# Dreambooth training 
### We recommend [official Diffusers tutorial](https://huggingface.co/docs/diffusers/training/dreambooth) which helps to get familiar with this type of fine-tuning, explains the environment setup and used parameters in detail.   
### Our fine-tuned models and training data are available on OneDrive.

## Crop and resize selected images to 512x512.

In [None]:
from PIL import Image
import os
from torchvision.transforms import functional as F
from torchvision.transforms import InterpolationMode
import random
import json

In [2]:
folder = "/path/to/training/images"
folder_cropped = "/path/to/training/images_croped"
os.makedirs(folder_cropped, exist_ok=True)

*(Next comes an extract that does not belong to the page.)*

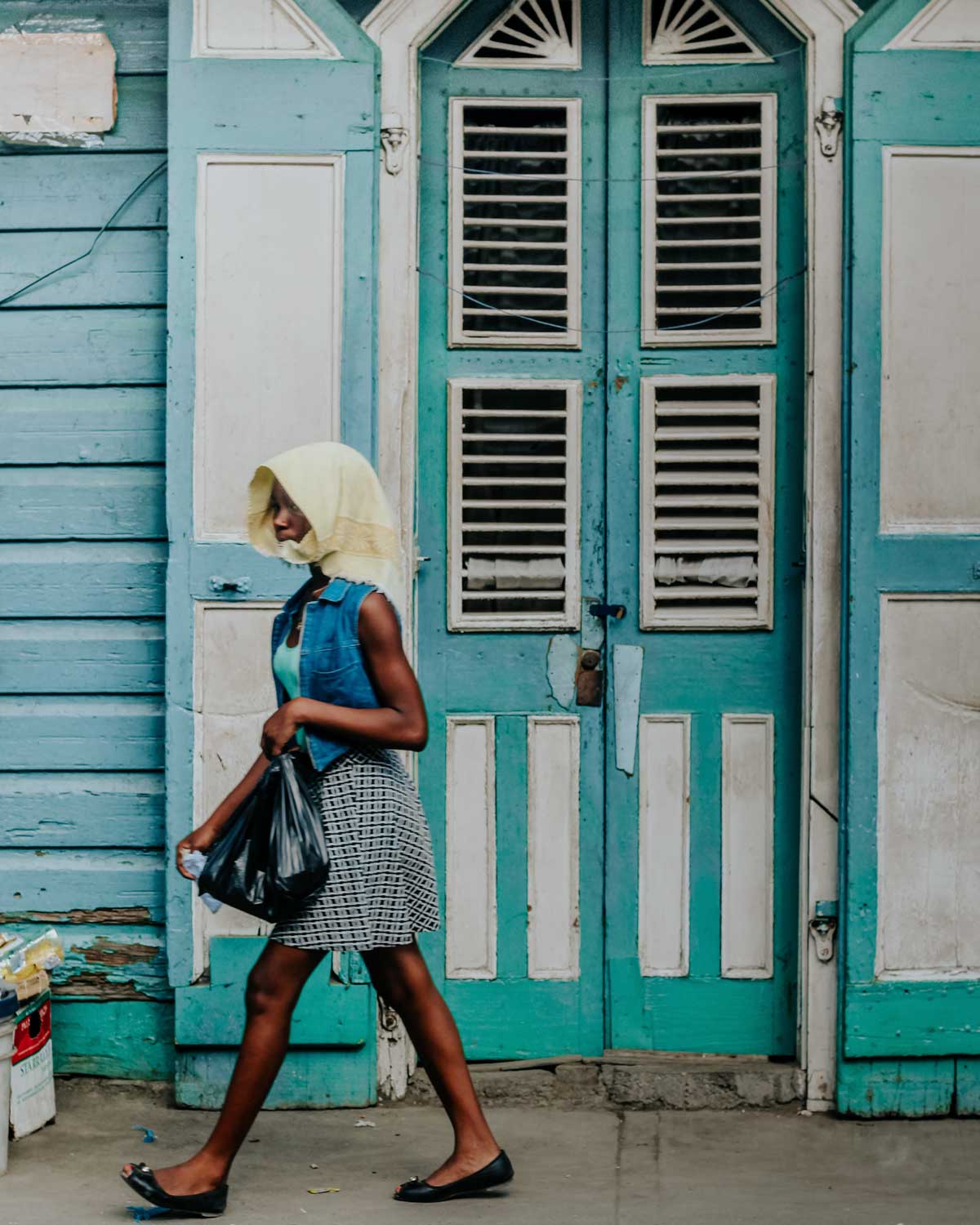 haitian girl walking in front of old colonial style house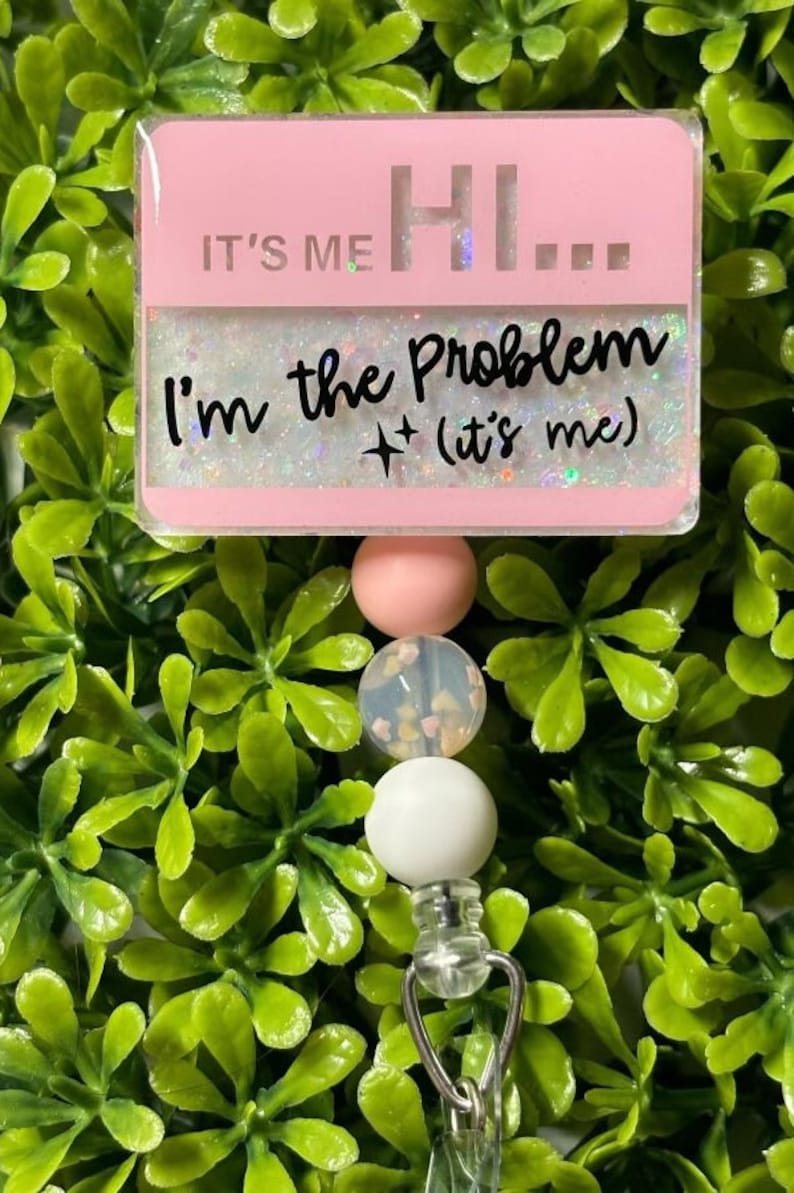 May include: Pink and white beaded retractable badge holder with a pink rectangle charm that says "It's Me Hi... I'm the Problem + (it's me)"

for filename in os.listdir(folder):
    if filename.endswith('.jpeg') or filename.endswith('.png') or filename.endswith('.jpg'):
        image = Image.open(os.path.join(folder, filename)).convert("RGB")
        image = F.center_crop(image, 480) # this size (eg. 480) depends on cholect video
        image = F.resize(image, 512, interpolation = InterpolationMode.BILINEAR)
        image.save(os.path.join(folder_cropped, filename))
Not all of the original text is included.